====== Dataset excerpts ======

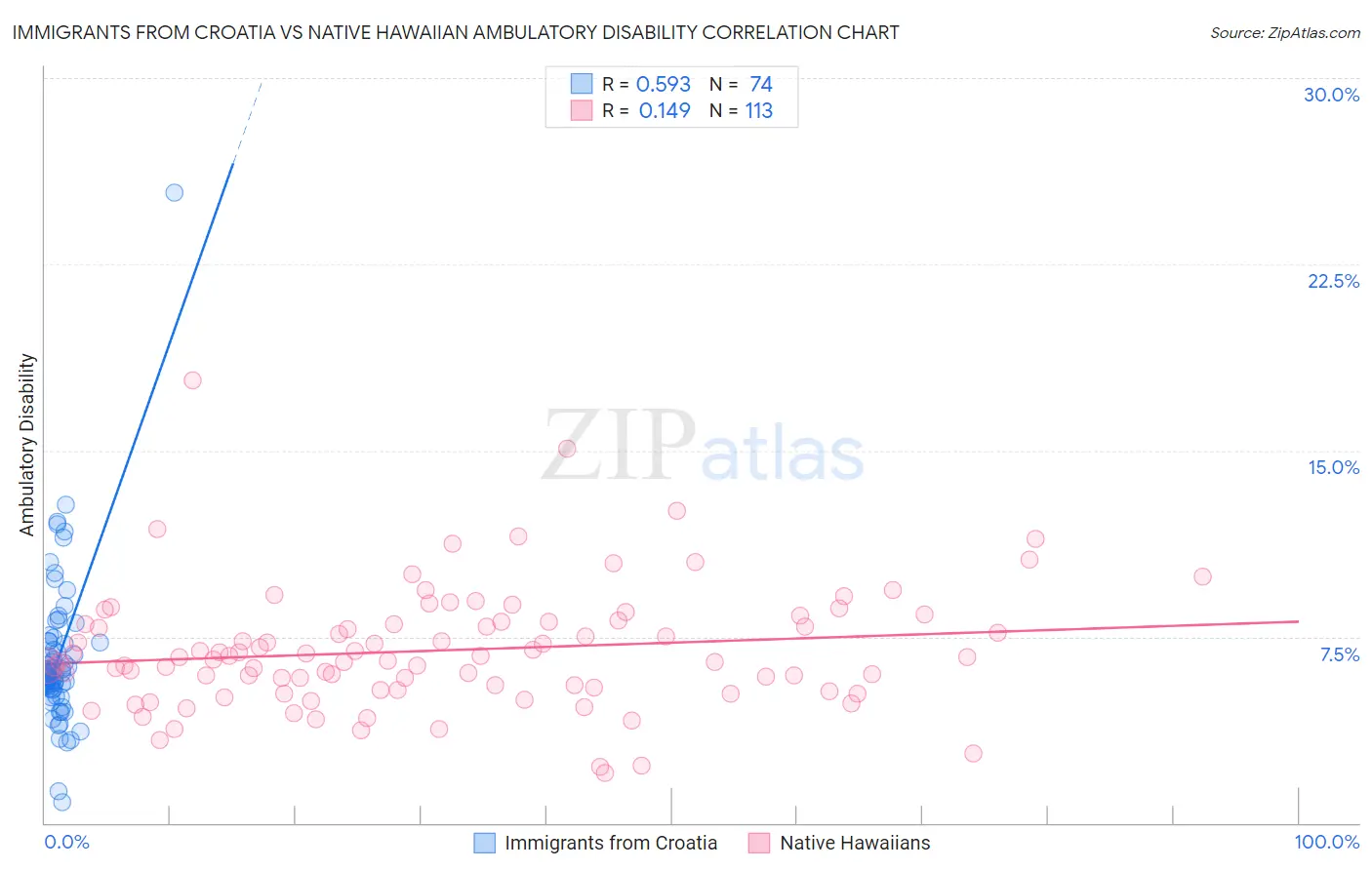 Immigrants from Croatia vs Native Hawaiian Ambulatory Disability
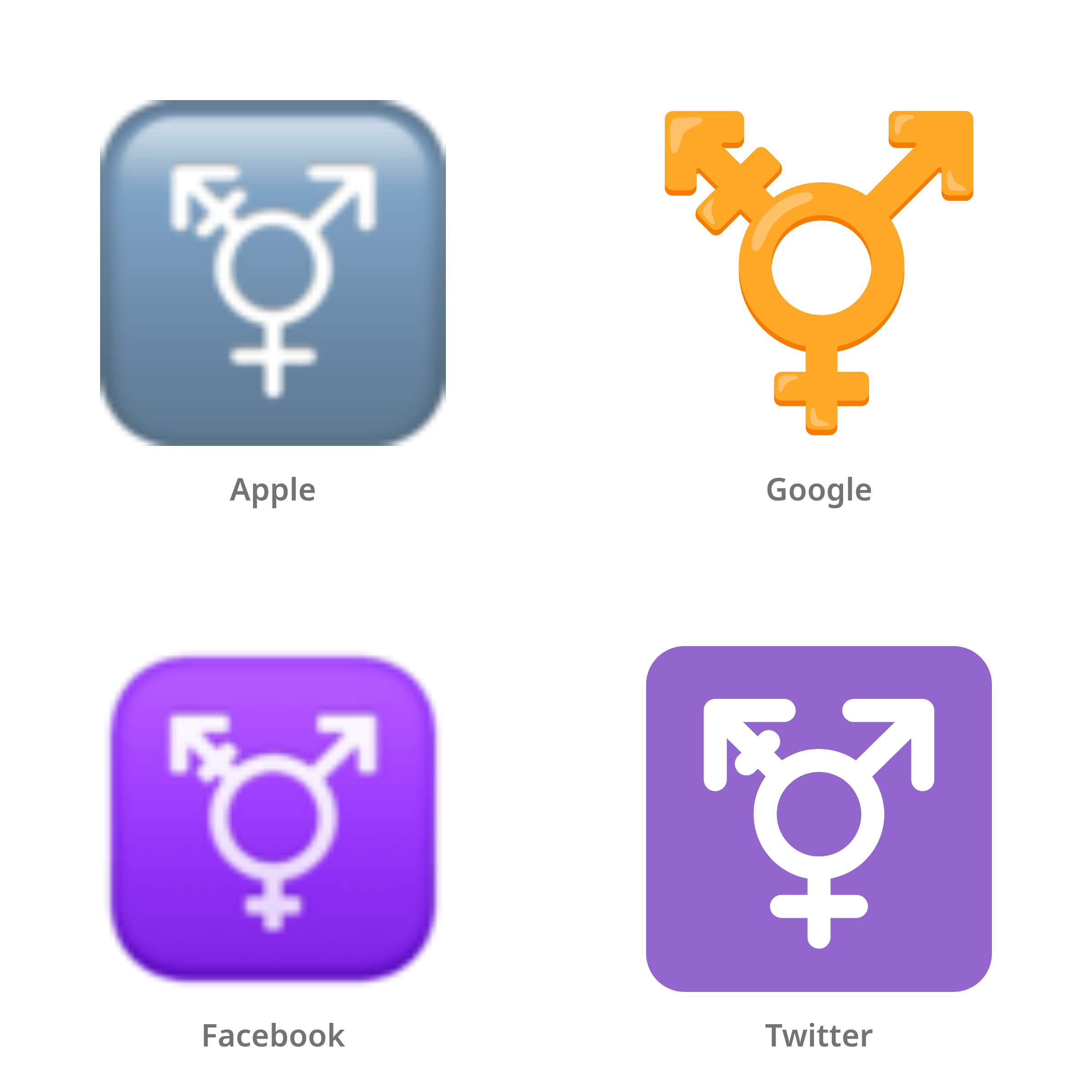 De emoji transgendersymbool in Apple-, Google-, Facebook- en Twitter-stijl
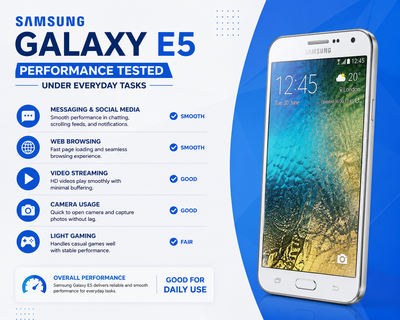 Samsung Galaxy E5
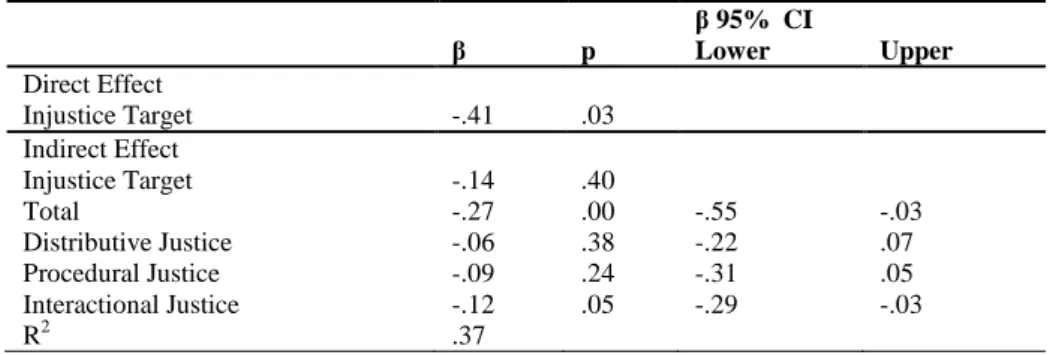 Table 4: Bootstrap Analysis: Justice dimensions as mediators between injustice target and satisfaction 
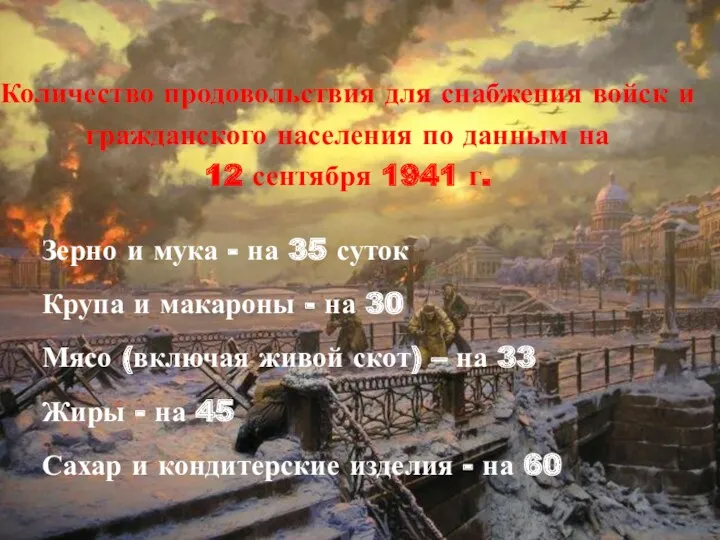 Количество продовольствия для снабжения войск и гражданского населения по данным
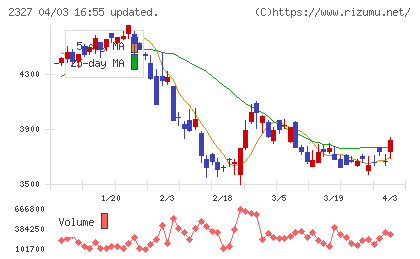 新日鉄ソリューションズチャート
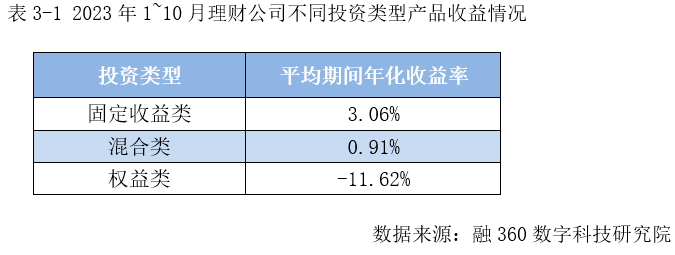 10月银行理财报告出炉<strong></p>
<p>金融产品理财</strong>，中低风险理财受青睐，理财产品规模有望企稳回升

======
====== Dataset excerpts ======

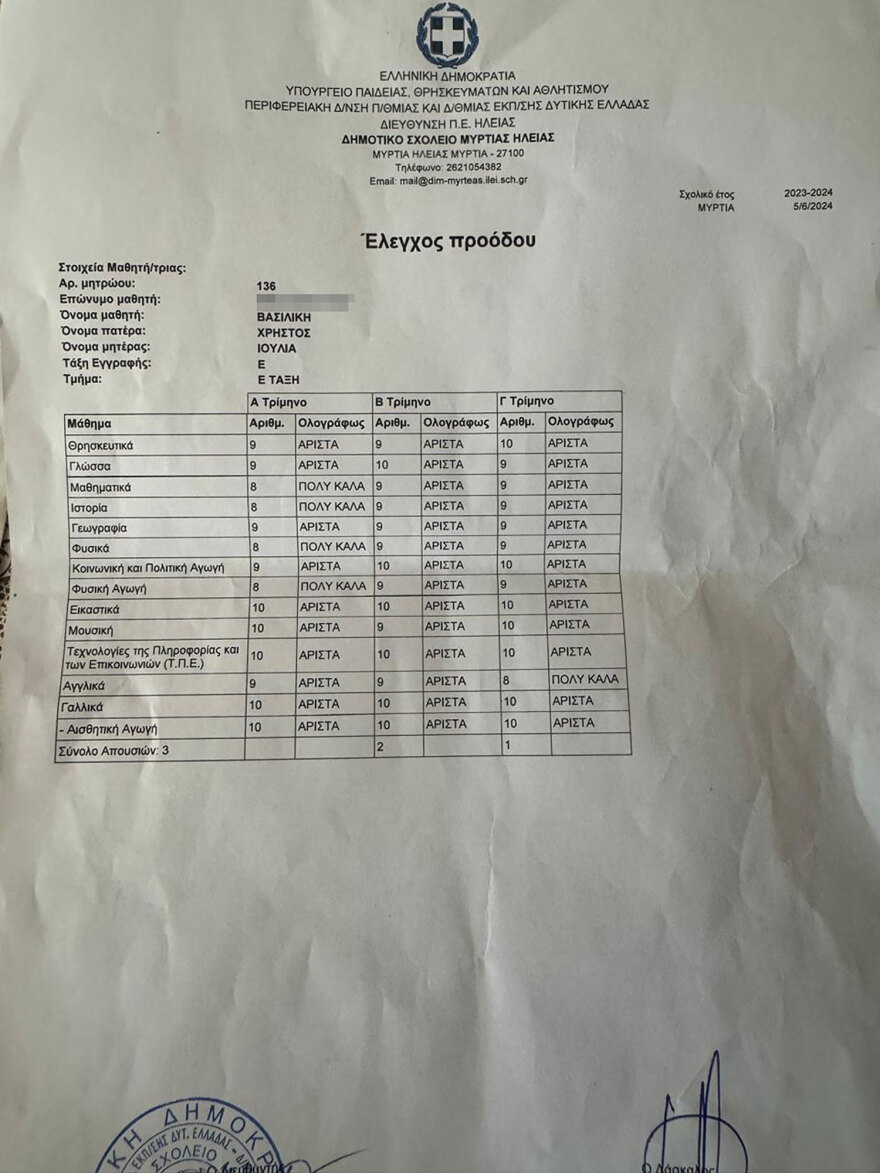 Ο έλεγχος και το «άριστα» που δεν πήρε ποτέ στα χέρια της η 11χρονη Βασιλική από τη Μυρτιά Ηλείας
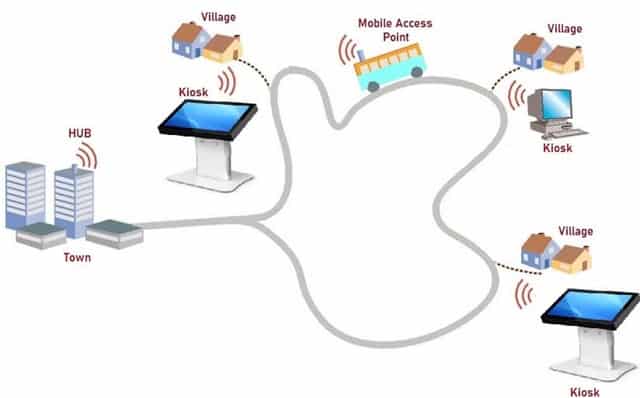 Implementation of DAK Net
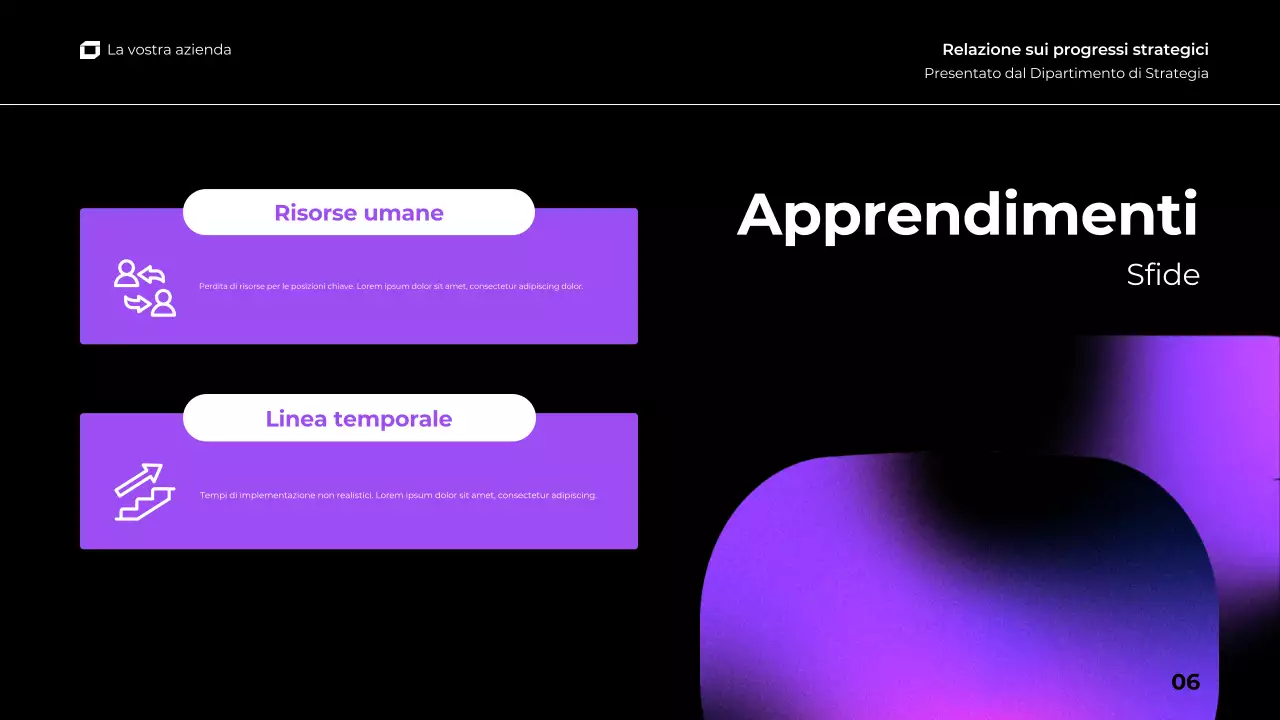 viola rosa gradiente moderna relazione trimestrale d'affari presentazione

======
====== Dataset excerpts ======

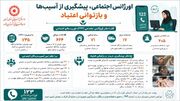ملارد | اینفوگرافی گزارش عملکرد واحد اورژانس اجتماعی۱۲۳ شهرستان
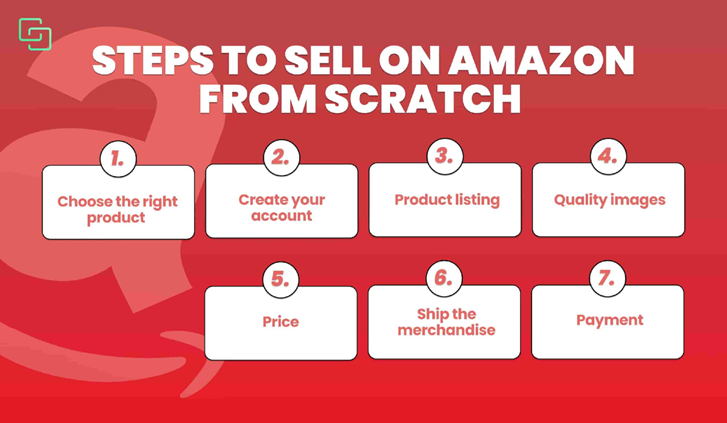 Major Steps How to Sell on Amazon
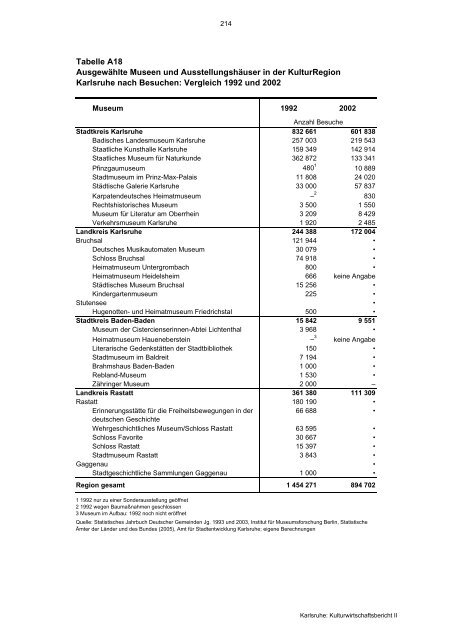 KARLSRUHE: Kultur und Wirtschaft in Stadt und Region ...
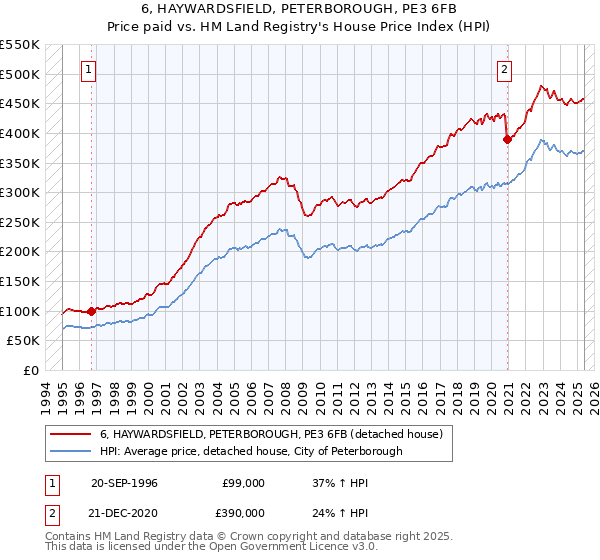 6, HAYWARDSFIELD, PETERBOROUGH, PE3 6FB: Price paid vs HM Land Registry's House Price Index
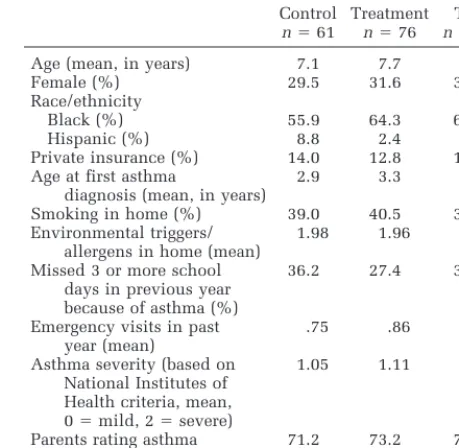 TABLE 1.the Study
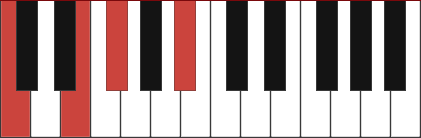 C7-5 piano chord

======

What is needed →
From the data above, retype only the lines starting with the line with "Immigrants from Croatia" and going on through the line with "Table 4: Bootstrap", exactly, leaving out the pictures.

Solution for this problem →
 Immigrants from Croatia vs Native Hawaiian Ambulatory Disability
 De emoji transgendersymbool in Apple-, Google-, Facebook- en Twitter-stijl
 Samsung Galaxy E5
 Table 4: Bootstrap Analysis: Justice dimensions as mediators between injustice target and satisfaction 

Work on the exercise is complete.